Whitehouse, Warren, Reed, Sanders & Merkley Introduce Bill to Protect Consumers from Abusive Lending

Senators’ legislation would allow states to cap credit card interest rates for their residents

Washington, DC – Today, Senators Sheldon Whitehouse (D-RI), Elizabeth Warren (D-MA), Jack Reed (D-RI), Bernie Sanders (I-VT), and Jeff Merkley (D-OR) introduced the Empowering States’ Rights to Protect Consumers Act (S. 3321), which would protect consumers by restoring the ability of states to limit credit card and other consumer loan interest rates for their residents. 

“When Wall Street banks and their credit card subsidiaries take advantage of consumers through astronomically high interest rates, states should be able to act,” said Whitehouse. “This bill will restore to states like Rhode Island the long-standing right to limit abusive interest rates and help protect families from runaway credit card debt.”

“We need to ensure states have the ability to enforce their own rules against lenders doing business within their borders,” said Senator Warren. “States should be empowered to take action to protect consumers from tricks and traps buried in the fine print by credit card companies.”

“States should have the power to protect their citizens, but federal courts have prevented states with strong consumer protection laws from fully enforcing them.  This bill would restore Rhode Island’s ability to protect citizens from abusive interest rates,” said Senator Reed.

“Big banks need to stop acting like loan sharks and start acting like responsible lenders,” Senator Sanders said. “If we are going to create a financial system that works for all Americans, we have got to stop financial institutions from ripping off the American people by charging sky-high interest rates.”

“Allowing a race to the bottom in state bank regulation is dangerous and puts every American consumer at risk.  This bill ensures that states are able to stand up for their own consumers and enforce the strong consumer financial protections on their books,” said Senator Merkley.

For more than 200 years, each state had the ability to enforce usury laws against any lender doing business with its citizens.  That changed in 1978 when the Supreme Court in Marquette National Bank of Minneapolis v.

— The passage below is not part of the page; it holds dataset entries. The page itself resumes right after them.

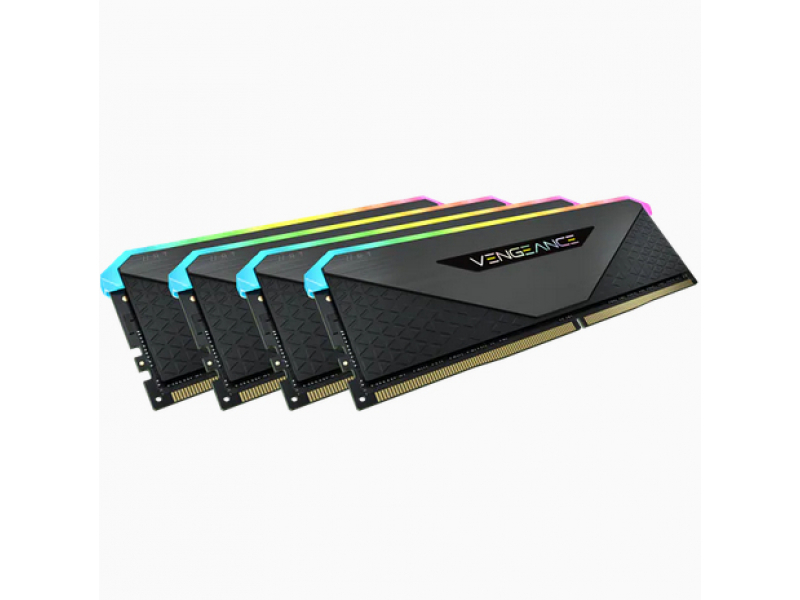 Corsair Vengeance RGB 32GB 4 x 8GB DDR4 3200MHz CMN32GX4M4Z3200C16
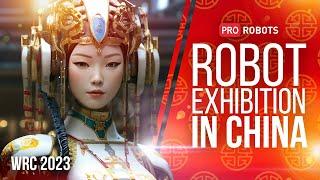 WRC 2023 - China's largest robot exhibition | Robots and technologies at the exhibition in China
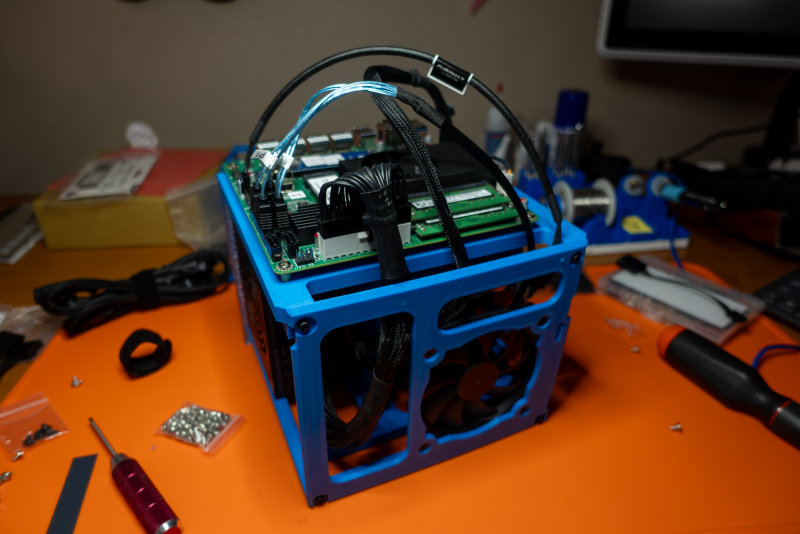 SFX power supply and drive cooling fan added to lower chamber.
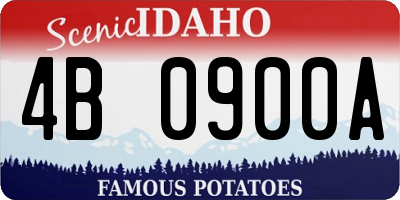 ID license plate 4B0900A
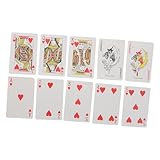 HAMPPLIES Braille Spielkarten mit Großdruck und Erhabener Brailleschrift für Sehbehinderte Kartenspiele für Erwachsene und Barrierefreie und Spielkarten für Sehbehinderte Personen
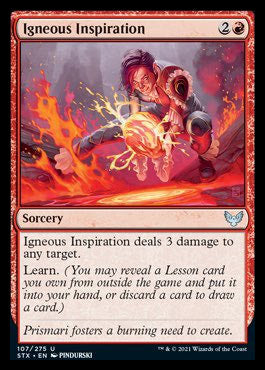 Igneous Inspiration [Strixhaven: School of Mages] MTG Single Magic: The Gathering | Red Claw Gaming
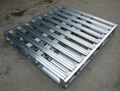 Steel pallet for stockage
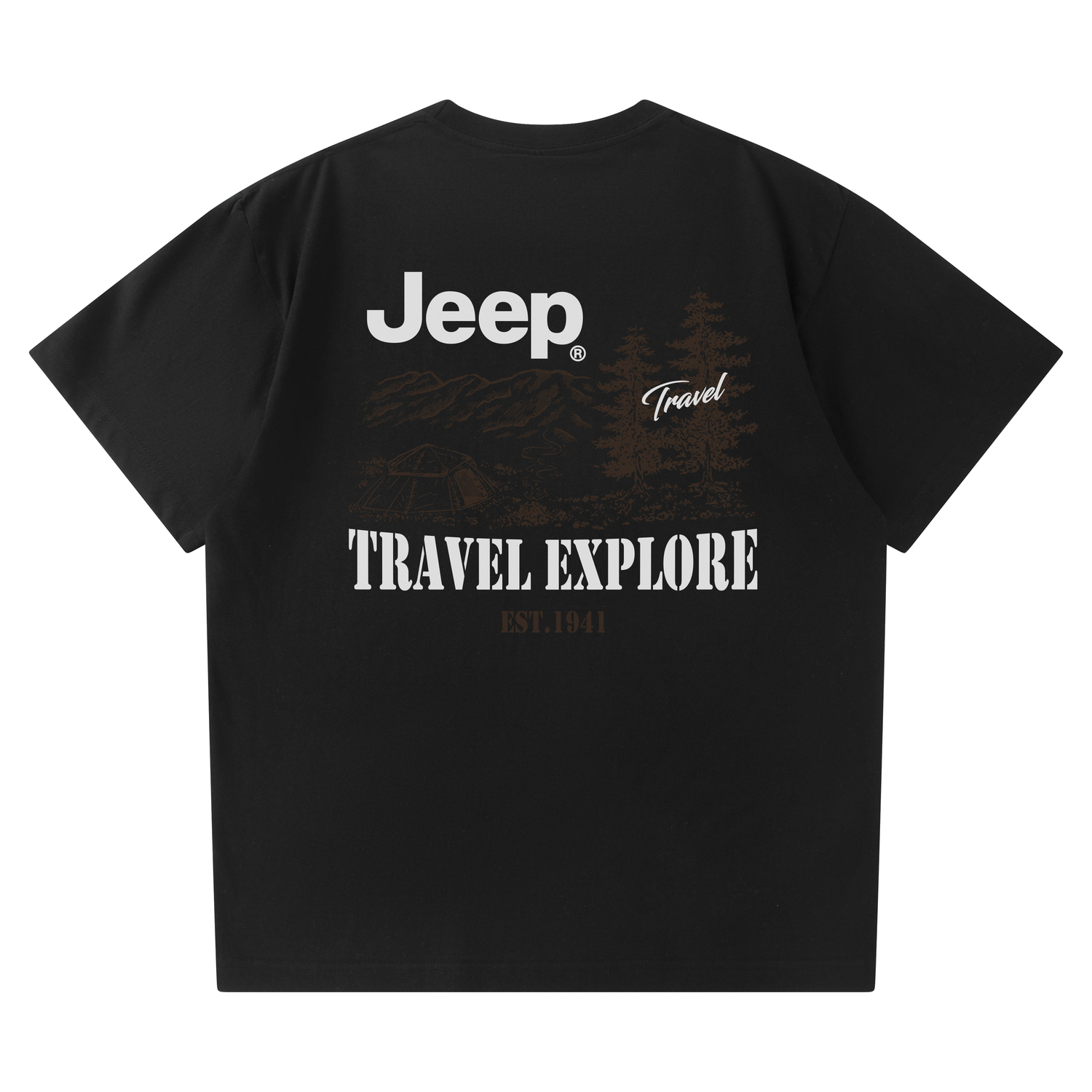 

Футболка Wrangler Leisure Series унисекс Jeep, pure черный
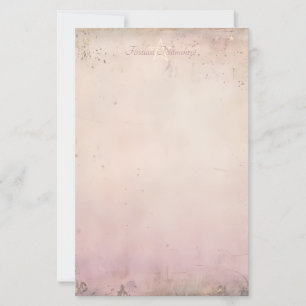 Create Your Own Magical Pink Gold Starry Stationery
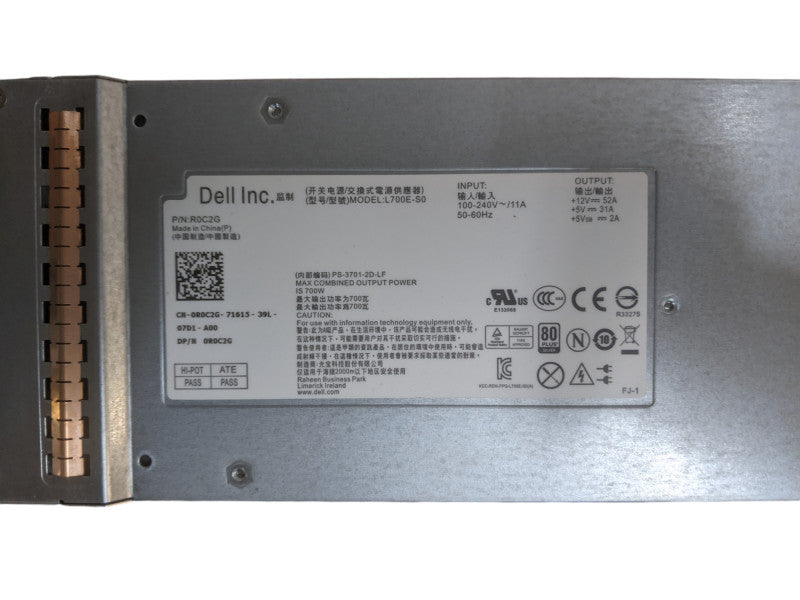Dell EqualLogic PS4110 700w Server Power Supply | L700E-S0 Q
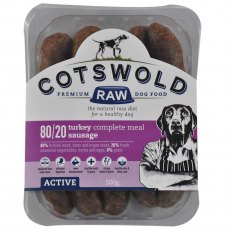 COTSWOLD Turkey Sausage - 80/20 Active - 500g COTSWOLD Turkey Sausage - 80/20 Active - 500g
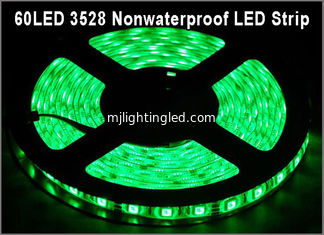China 3528 geführte grüne Farbe 60led/m Nicht-wasserdichtes IP20 DC12V des Bands führte Lampe für Inneneinrichtung fournisseur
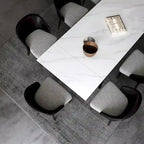 Table à manger rectangulaire extensible en pierre frittée de 280 cm - 200 à 280 cm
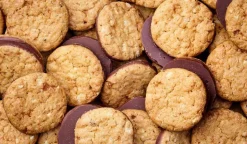 Sablés chocolat au lait, noisette-caramel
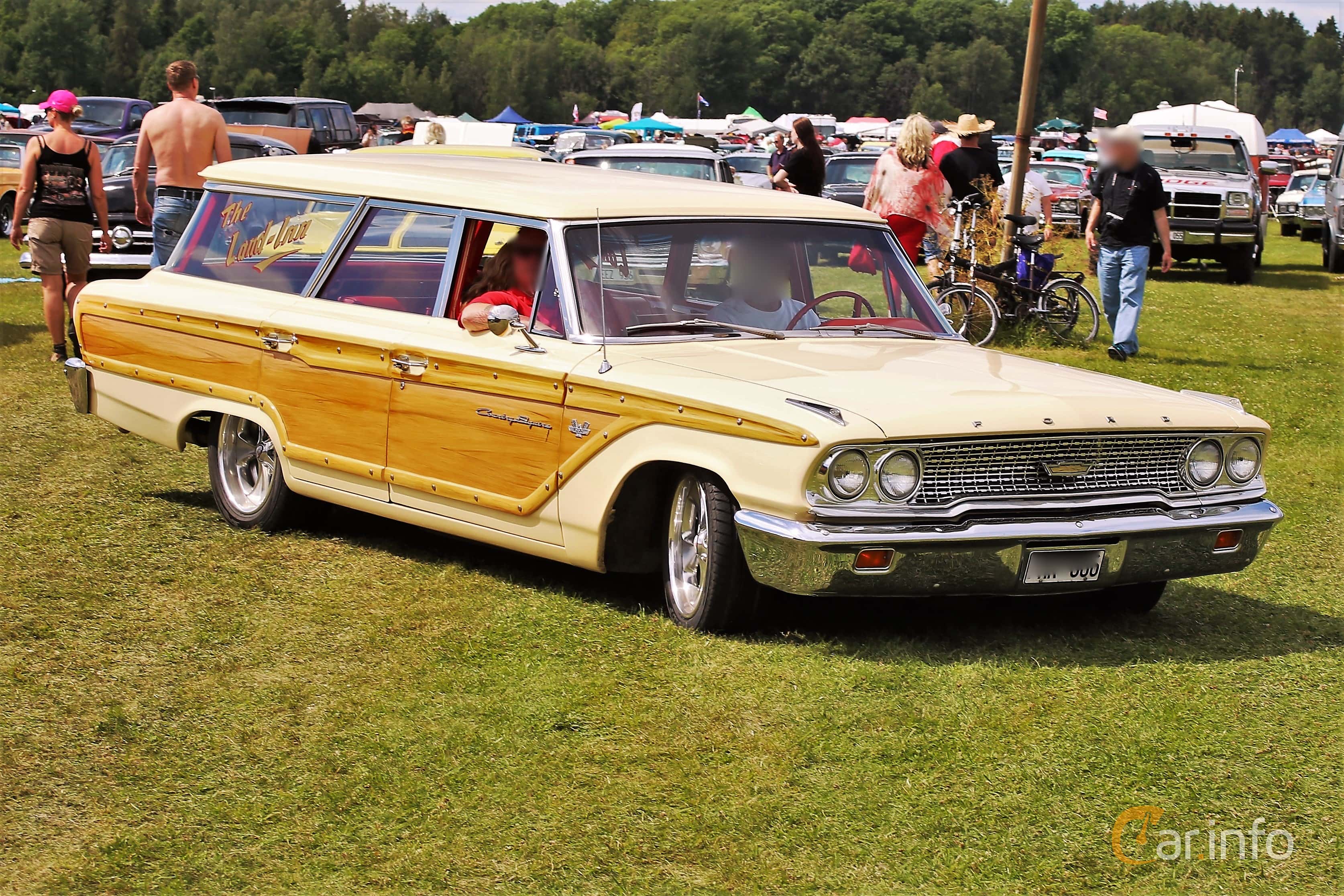 Ford Country Squire 2-seat 4.3 V8 Manual, 166hp, 1963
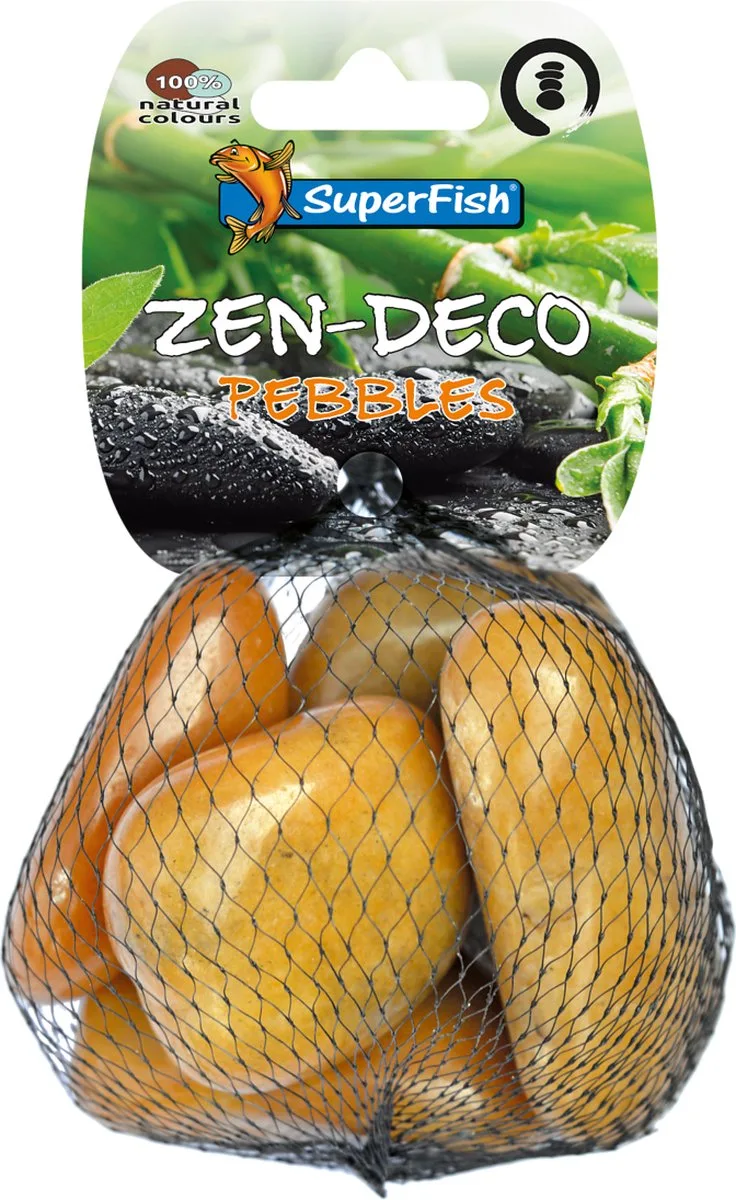 Zen Pebble Medium 450 Gram von SuperFish in Gelb – Produktfoto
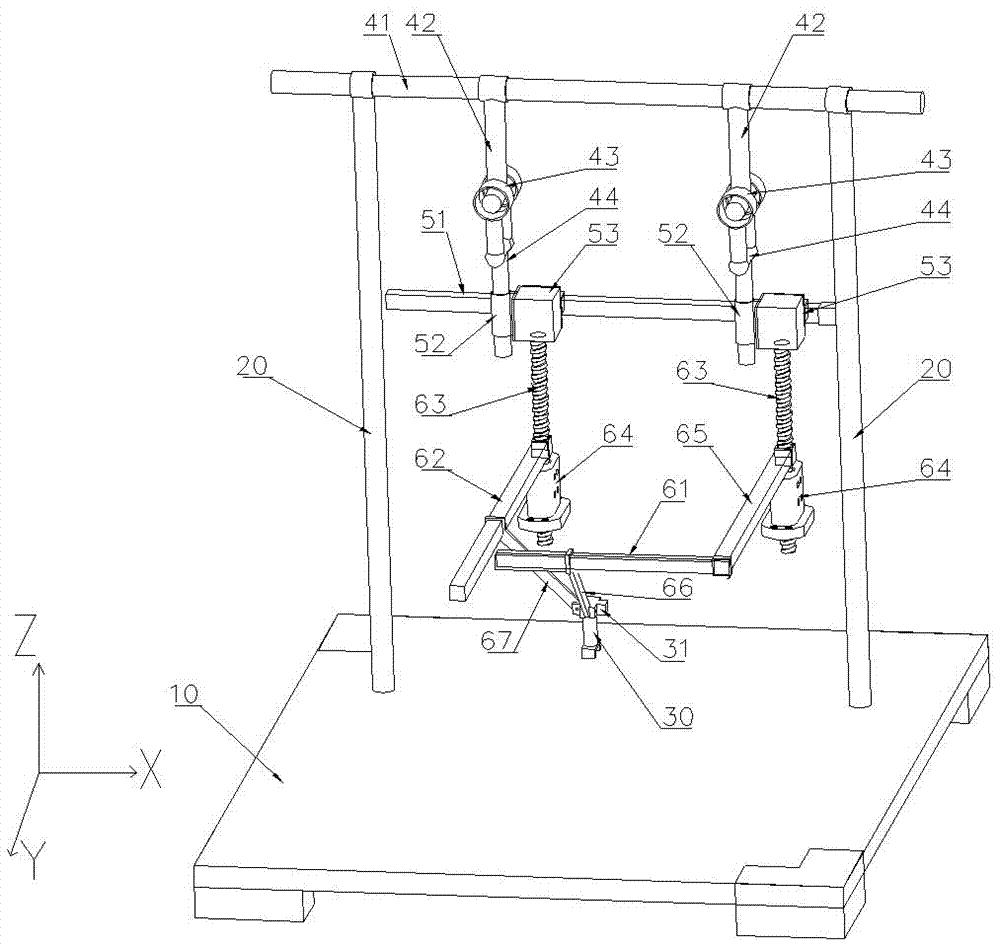 Logistics sorting robot mechanism based on hybrid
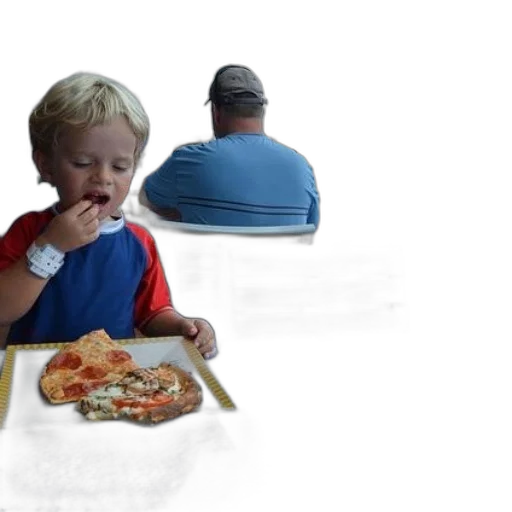 food, 3d render, child, eats transparent PNG cut-out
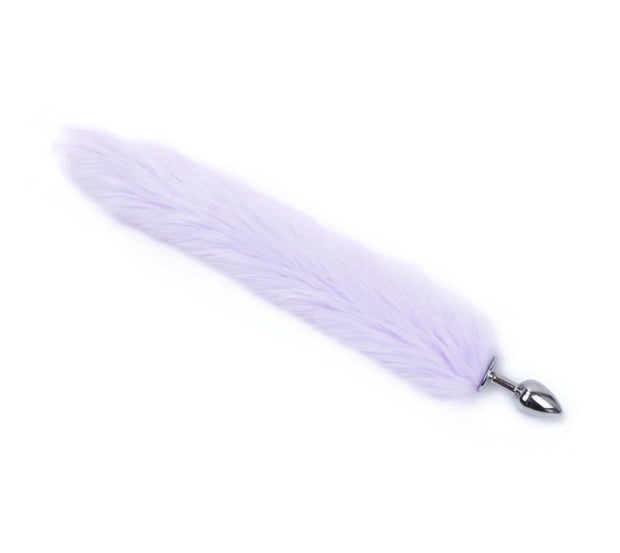 Fox Tail With Metal Anal Butt Plug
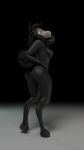  3d_(artwork) 9:16 anthro black_body black_fur black_hair bone breasts butt canid digital_media_(artwork) female fur glowing glowing_eyes hair hand_on_hip hi_res malo mammal monster nude pawpads paws pinup pose raised_tail scp-1471 scp-1471-a scp_foundation simple_background skull skull_head solo solo_focus zombies_in_soup 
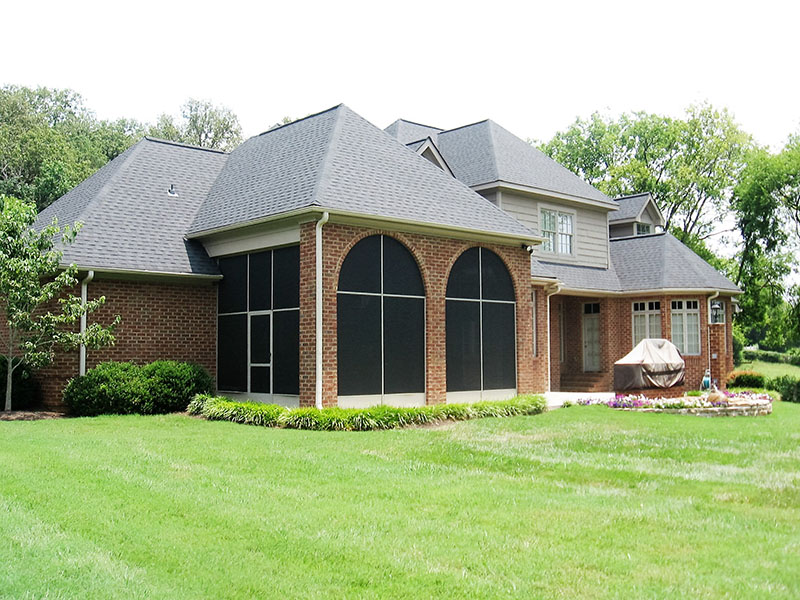 Screen room project by ATC Sunrooms East Tennessee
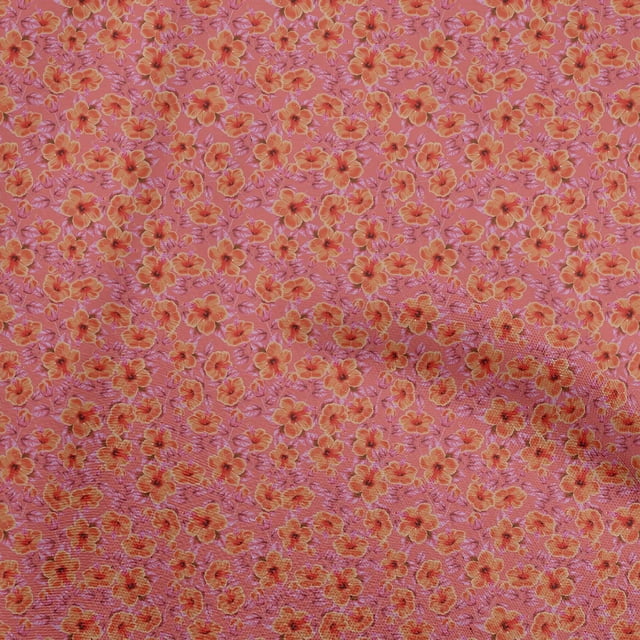 oneOone Viscose Jersey Red Fabric Tropical Craft Projects Decor Fabric Printed By The Yard 60 Inch Wide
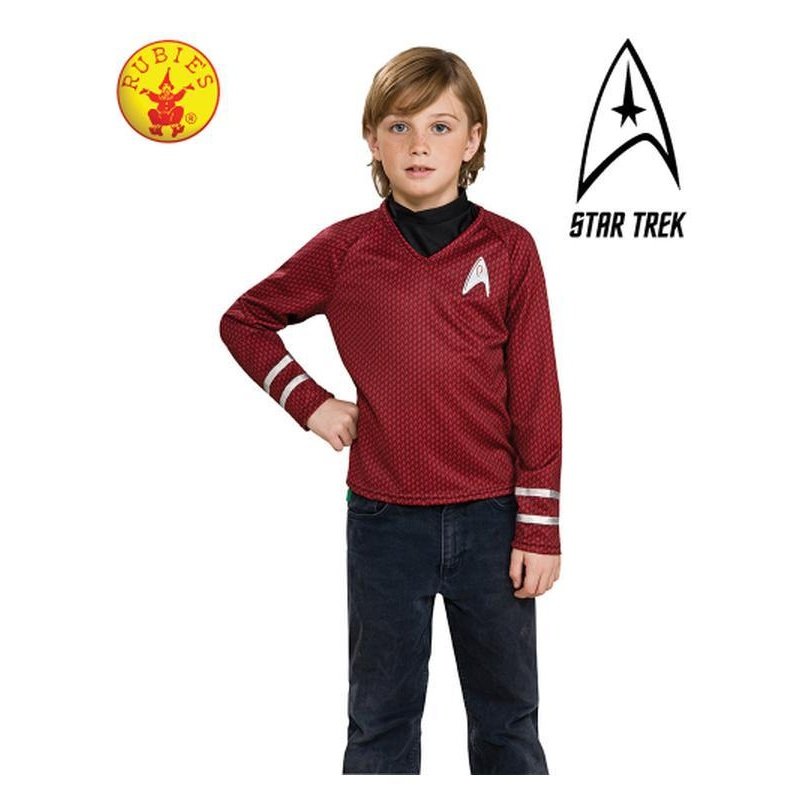 Star Trek Red Shirt Child Size M - Jokers Costume Mega Store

First of Omaha Service Corporation decided that a national bank is bound only by the lending laws of the state in which the bank is based, rendering states powerless to impose lending restrictions against lenders headquartered in other states.  This decision effectively ended usury protections in the United States and gave credit card companies an incentive to locate in states with weak or non-existent consumer lending protections.  Without these protections, many consumers now get stuck with interest rates of 30 percent or more.

The senators’ bill would amend the Truth in Lending Act of 1968 to clarify that all consumer lenders—regardless of their location or legal structure—must abide by the interest rate limits of the states in which their customers reside.  Rhode Island, for example, had a state-level interest-rate cap for many years, but abandoned the cap after the Marquette decision rendered it moot.  The Empowering States’ Rights to Protect Consumers Act would allow Rhode Island to re-instate a cap.

Whitehouse and Warren introduced similar legislation in the 113th Congress.